Uno de los estereotipos que circulan permanentemente por democracias como la española es aquel que se refiere a la exigencia de la separación de los tres poderes clásicos del Estado. Perfilados éstos ya por Aristóteles, fue Montesquieu quien los describió más detalladamente, y a partir de él este principio se erigió en un dogma del Estado democrático, hasta el punto de que el artículo 16 de la Declaración de Derechos del Hombre y del Ciudadano de 1789 señalaba que allí donde no exista «una separación determinada de poderes, no existe Constitución».

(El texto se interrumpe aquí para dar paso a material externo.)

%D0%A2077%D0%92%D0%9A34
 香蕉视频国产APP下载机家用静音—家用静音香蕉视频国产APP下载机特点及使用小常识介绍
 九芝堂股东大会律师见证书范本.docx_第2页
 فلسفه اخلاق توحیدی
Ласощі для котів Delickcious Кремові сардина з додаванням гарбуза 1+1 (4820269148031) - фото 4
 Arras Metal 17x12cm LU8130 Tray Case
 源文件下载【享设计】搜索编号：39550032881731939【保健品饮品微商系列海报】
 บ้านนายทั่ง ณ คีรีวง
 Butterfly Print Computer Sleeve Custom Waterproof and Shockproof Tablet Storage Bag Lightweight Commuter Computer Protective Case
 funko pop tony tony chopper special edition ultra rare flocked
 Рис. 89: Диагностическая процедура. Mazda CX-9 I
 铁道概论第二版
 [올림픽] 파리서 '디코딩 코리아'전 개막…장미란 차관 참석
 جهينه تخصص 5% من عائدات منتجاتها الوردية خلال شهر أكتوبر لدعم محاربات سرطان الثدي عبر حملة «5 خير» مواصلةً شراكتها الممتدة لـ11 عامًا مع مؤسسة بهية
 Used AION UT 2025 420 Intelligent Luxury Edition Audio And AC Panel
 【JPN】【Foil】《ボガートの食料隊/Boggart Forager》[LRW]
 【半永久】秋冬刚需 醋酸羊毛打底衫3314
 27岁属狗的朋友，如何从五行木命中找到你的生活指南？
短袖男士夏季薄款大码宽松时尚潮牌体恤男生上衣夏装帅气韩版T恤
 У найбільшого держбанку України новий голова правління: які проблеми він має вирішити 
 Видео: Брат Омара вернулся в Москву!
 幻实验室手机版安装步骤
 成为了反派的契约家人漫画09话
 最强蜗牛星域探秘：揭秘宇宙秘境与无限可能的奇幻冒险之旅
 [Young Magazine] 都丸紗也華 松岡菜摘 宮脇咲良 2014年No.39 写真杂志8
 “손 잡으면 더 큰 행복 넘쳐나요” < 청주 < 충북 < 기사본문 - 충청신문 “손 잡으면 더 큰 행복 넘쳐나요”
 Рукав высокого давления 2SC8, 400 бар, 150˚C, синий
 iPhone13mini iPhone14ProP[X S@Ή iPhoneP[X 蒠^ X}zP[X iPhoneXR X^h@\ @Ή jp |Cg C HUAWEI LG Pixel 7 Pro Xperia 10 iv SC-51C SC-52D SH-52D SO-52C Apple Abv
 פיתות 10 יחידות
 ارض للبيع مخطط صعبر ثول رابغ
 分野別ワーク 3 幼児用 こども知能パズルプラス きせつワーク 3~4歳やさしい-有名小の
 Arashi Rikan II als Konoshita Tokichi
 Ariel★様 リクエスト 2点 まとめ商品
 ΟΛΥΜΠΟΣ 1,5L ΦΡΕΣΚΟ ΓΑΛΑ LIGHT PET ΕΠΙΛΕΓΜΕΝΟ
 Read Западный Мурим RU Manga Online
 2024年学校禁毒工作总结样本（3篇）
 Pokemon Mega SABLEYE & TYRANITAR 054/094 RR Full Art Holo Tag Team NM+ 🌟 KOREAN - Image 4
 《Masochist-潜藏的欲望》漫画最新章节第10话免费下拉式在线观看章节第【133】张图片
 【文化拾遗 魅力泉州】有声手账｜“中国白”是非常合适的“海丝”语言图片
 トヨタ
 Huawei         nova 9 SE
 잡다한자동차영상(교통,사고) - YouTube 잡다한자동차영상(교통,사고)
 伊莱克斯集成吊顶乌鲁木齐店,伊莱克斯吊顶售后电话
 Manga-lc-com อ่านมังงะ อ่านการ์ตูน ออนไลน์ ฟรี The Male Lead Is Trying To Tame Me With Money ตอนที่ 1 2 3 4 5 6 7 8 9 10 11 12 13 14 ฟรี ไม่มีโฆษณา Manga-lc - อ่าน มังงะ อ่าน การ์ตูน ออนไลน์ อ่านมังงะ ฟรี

Pues bien, tomada estrictamente al pie de la letra esta idea de que los poderes ejecutivo, legislativo y judicial deben estar separados, a fin de que el poder detenga al poder, y se evite así todo abuso totalitario, cabría sostener, sin embargo, que en la práctica no ha existido nunca esa separación radical en ningún país. Ciertamente, en regímenes presidencialistas como el estadounidense es en donde este principio ha encontrado su aplicación más aproximada, aunque habría que señalar también la existencia de intervenciones de unos poderes sobre otros, que niegan así una rígida separación entre ellos. Ahora bien, en regímenes parlamentarios como el nuestro, este principio quiebra radicalmente porque no existen tres poderes separados, sino, en el mejor de los casos, únicamente dos. Por una parte, porque la mecánica que impone la existencia de los partidos, desconocidos en la época de Montesquieu, ha dado lugar a que los dos poderes ejecutivo y legislativo se hayan fusionado en uno solo a través del partido que ha ganado las elecciones y que bien solo, bien en coalición, o con cambiantes aliados, forma un continuum Gobierno-Parlamento, del que únicamente queda al margen el partido -o partidos- de la oposición. Quien legisla y ejecuta las leyes es el partido que gobierna, desfigurando así la idea tradicional de la existencia de dos poderes separados e independientes, porque hoy gobernar es legislar. Y, por otra, porque queda, al menos teóricamente, también al margen de la fagocitosis del partido que ha ganado las elecciones, el poder judicial, curiosamente el único de los tres poderes clásicos al que nuestra Constitución denomina así, y el que verdaderamente tiene que estar separado y ser independiente de los otros.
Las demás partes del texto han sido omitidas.